* **Short web captions**
○ ○ ○ ○ ○ ○ ○

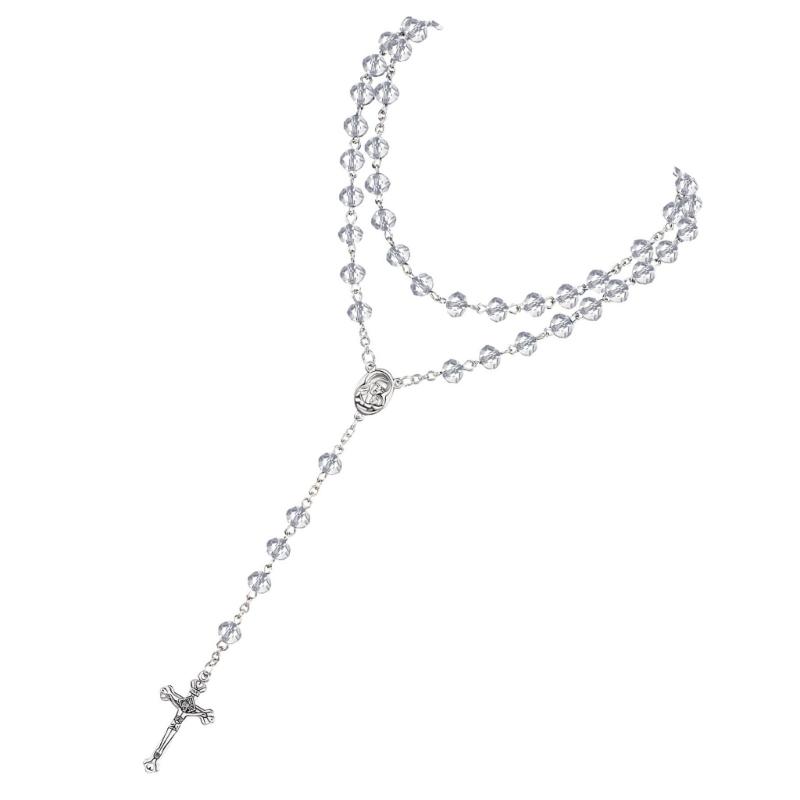 652F Catholic Rosary Crystal Beads Necklace with Miracles Medals Crosses Crucifix First Communion Rosary for Women Men
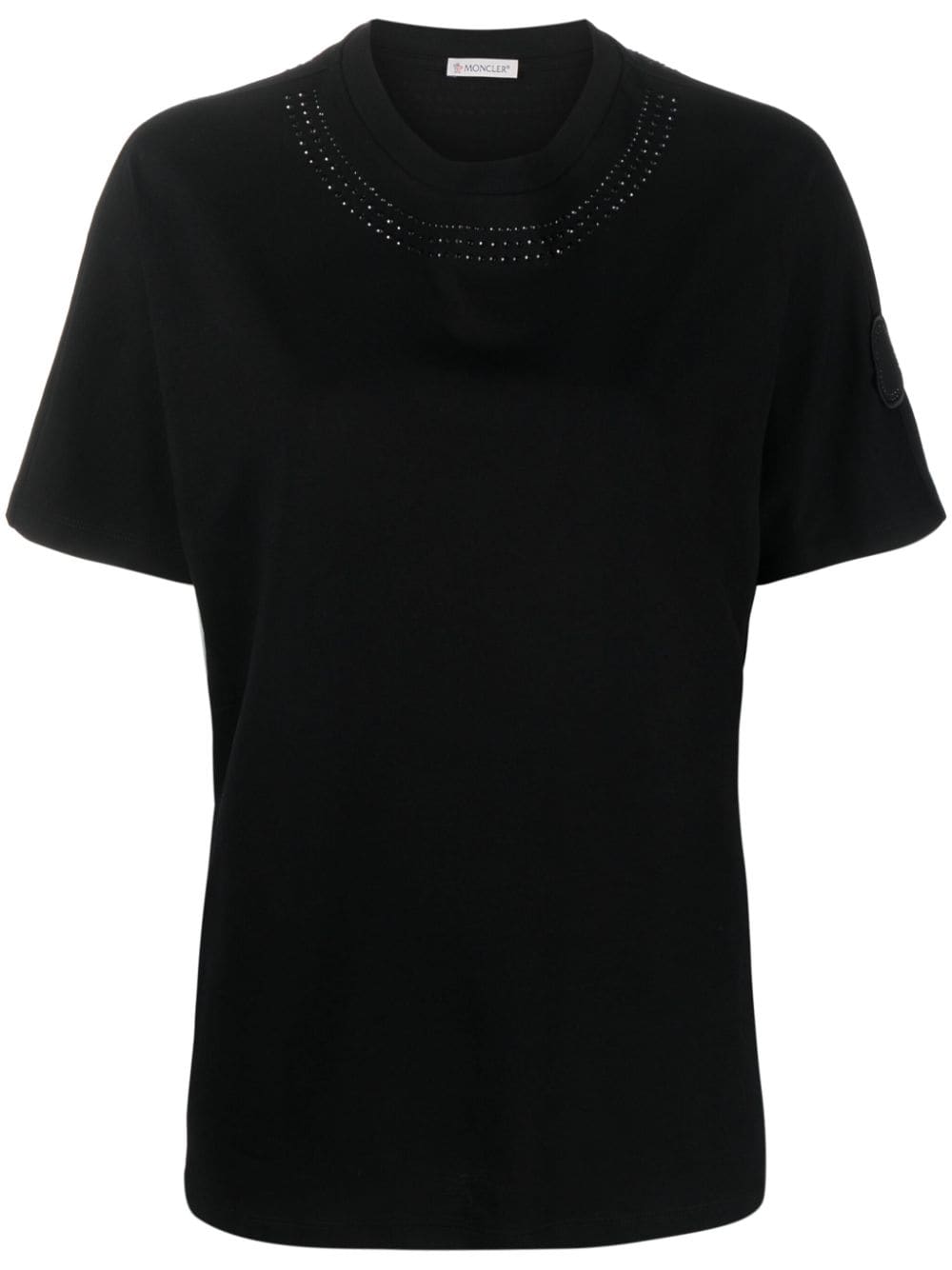 Moncler logo-patch studded cotton T-shirt - Black von Moncler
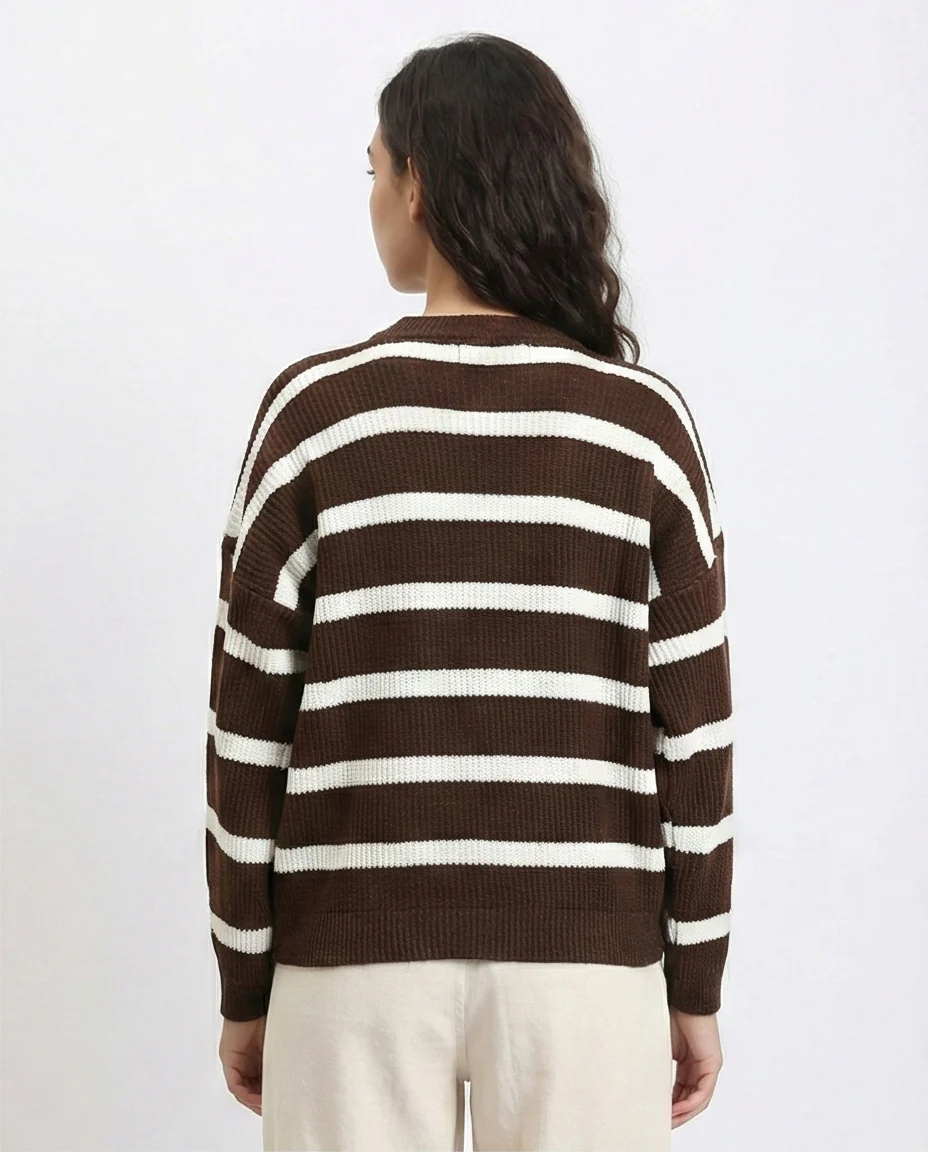 R214802 - Mock Neck Striped Knit Pullover - Brown & White - Image 2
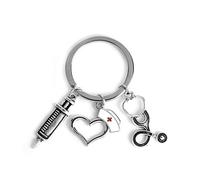 Rocita Enfermera Keychain Neuheit Estetoscopio jeringa Amor corazón Enfermera Tapa Colgante Llavero Metal Colgante para médico Enfermera Regalos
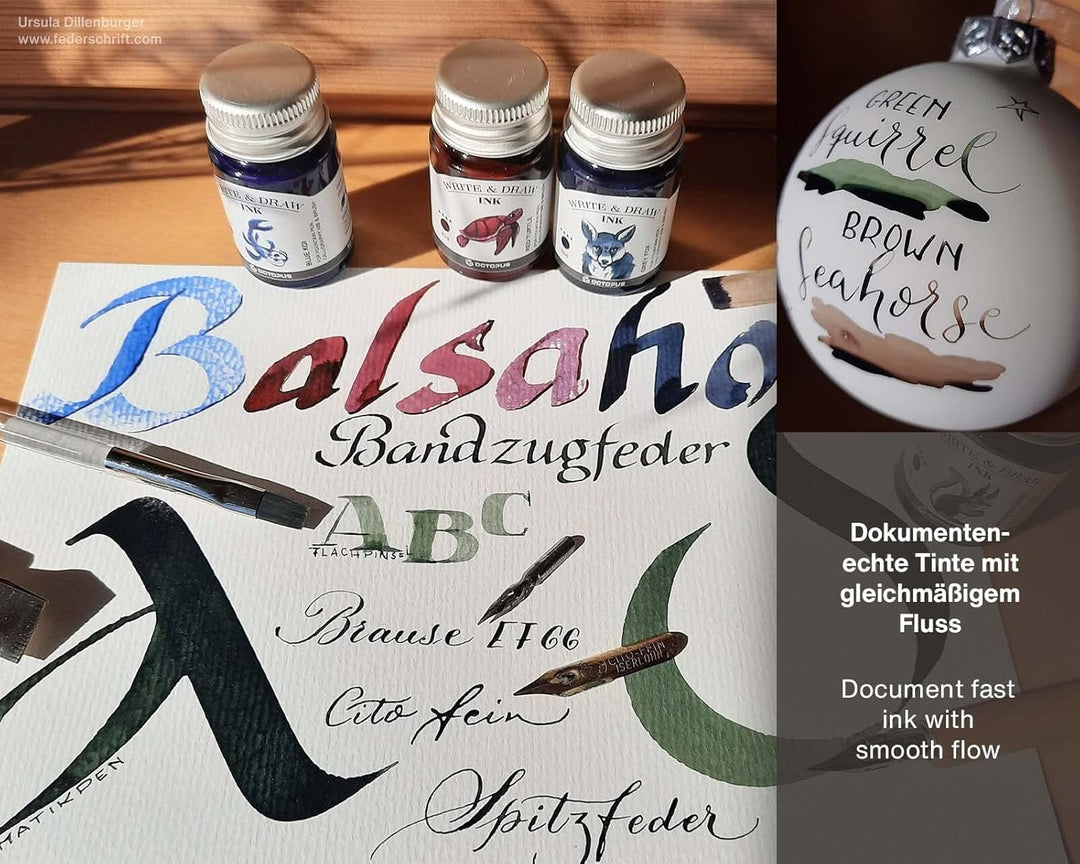 Octopus Write and Draw Ink Set MOUNTAIN, wasserfeste Tinte zum Schreiben und Zeichnen, Kalligraphiet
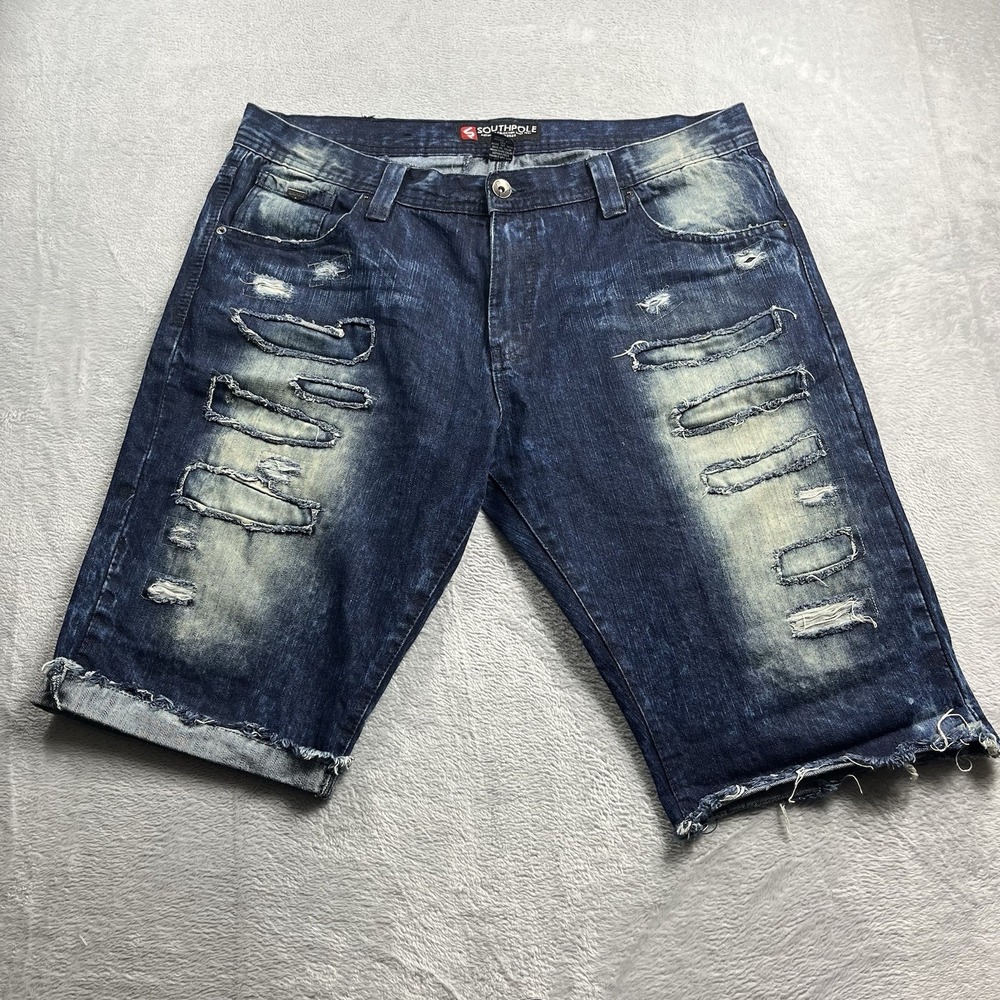 Southpole Jean Shorts Men's 38 Blue Denim Distressed Cotton Vintage Y2K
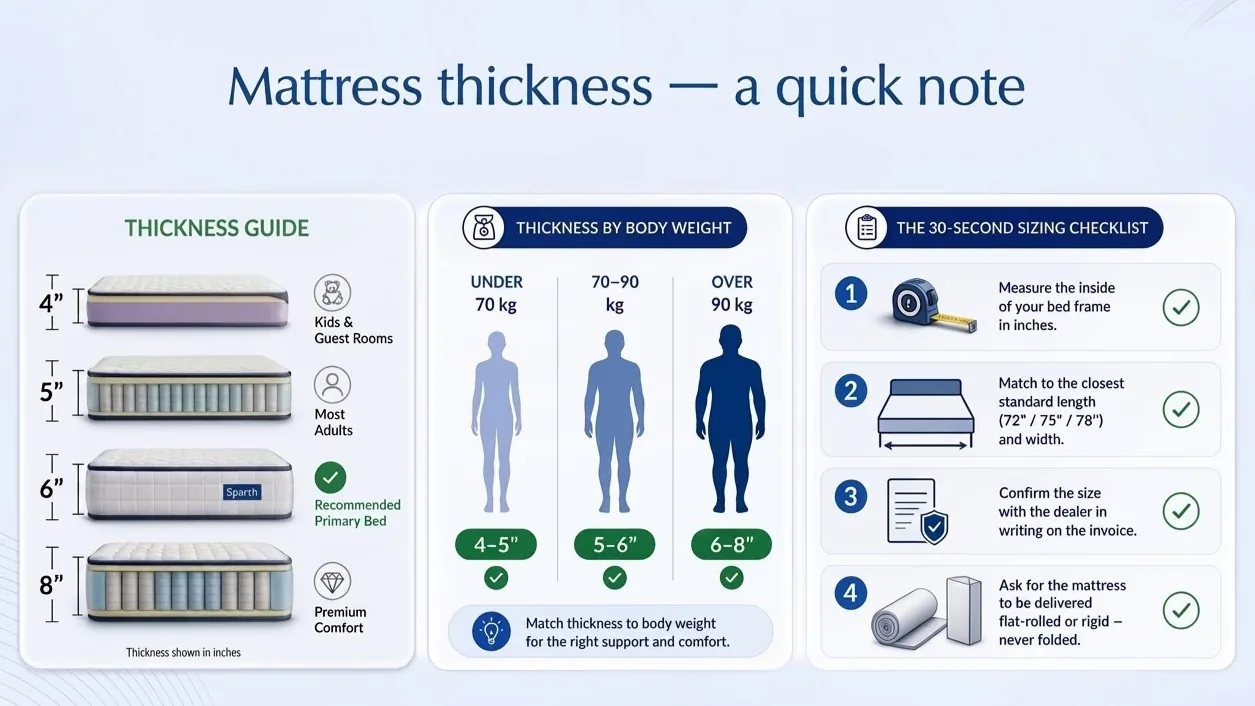 Comparison of mattress quality indicators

○ ○ ○ ○ ○ ○ ○

* **WHAT THE TASK REQUIRES**
Write out, word for word, only the lines from the one containing "Octopus Write and" to the end of the data above; the pictures stay out.

* **EXPECTED ANSWER**
 Octopus Write and Draw Ink Set MOUNTAIN, wasserfeste Tinte zum Schreiben und Zeichnen, Kalligraphiet
 Southpole Jean Shorts Men's 38 Blue Denim Distressed Cotton Vintage Y2K
 Comparison of mattress quality indicators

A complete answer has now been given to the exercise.